By Mary Ann Akers
Washington Post Staff Writer
Friday, March 13, 2009
Sen. David Vitter's reelection mission to rehabilitate his image in the wake of the D.C. madam scandal two years ago has hit a snag. The Louisiana Republican is now embroiled in a different kind of classic Washington brouhaha, this one involving a federal investigation of his alleged airport rage.
The Transportation Security Administration announced yesterday that it is reviewing a report that an angry Vitter set off an alarm at Dulles International Airport last week when he opened a security door to a jet bridge in his haste to make a United Airlines flight.
The TSA wouldn't comment beyond its statement that it is "reviewing the alleged incident." But airport security regulations stipulate that it is a Class 1 misdemeanor for an unauthorized person to enter a restricted area.
Airport police officers were called March 5 to deal with an "irate passenger" in the United terminal, but by the time officers arrived, the passenger was gone, according to Courtney Mickalonis, a spokeswoman for the Metropolitan Washington Airports Authority.

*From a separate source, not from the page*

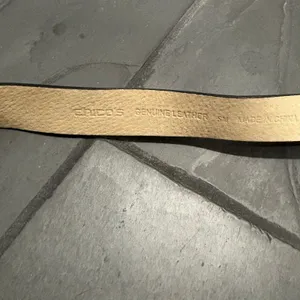 Vintage Chico's Genuine Leather Belt with Metal Buckle - size Small thumbnail 3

Therefore, there is no police report of the incident, she said.
Vitter, in a statement, admitted that he "accidentally went through a wrong door at the gate." But he dismissed the original news report of the incident as appearing in a "silly gossip column." The column, in the Roll Call newspaper, cited an unnamed witness in describing Vitter's exchange with an airline employee as a " 'do-you-know-who-I-am' tirade that apparently grew quite heated."
So far, it's a "he said, she said" type of situation. That could change, however, if security cameras recorded the incident. Airport police officials declined to say whether such footage exists.
Vitter's airport woes have become highly politicized and come at an inopportune time for him.
The Democratic Senatorial Campaign Committee, which already had selected Vitter as a prime target for a challenge in 2010, released a statement this week inducting him into its "Hall of Shame" and mentioning his brush with a D.C. prostitution operation, an incident Vitter proclaimed a "very serious sin."
Vitter's office did not respond directly to The Washington Post's request for comment on the airport flap, forwarding the request to National Republican Senatorial Committee spokesman Brian Walsh. He contacted The Post yesterday to defend Vitter and brought up another recent aviation incident, in which Sen. Charles E. Schumer (D-N.Y.) persuaded a US Airways shuttle to depart New York early so he could make an important vote.
"There's a clear double standard here on how this story is being covered versus Senator Schumer using his office to have a US Airways plane leaving LaGuardia early," Walsh said.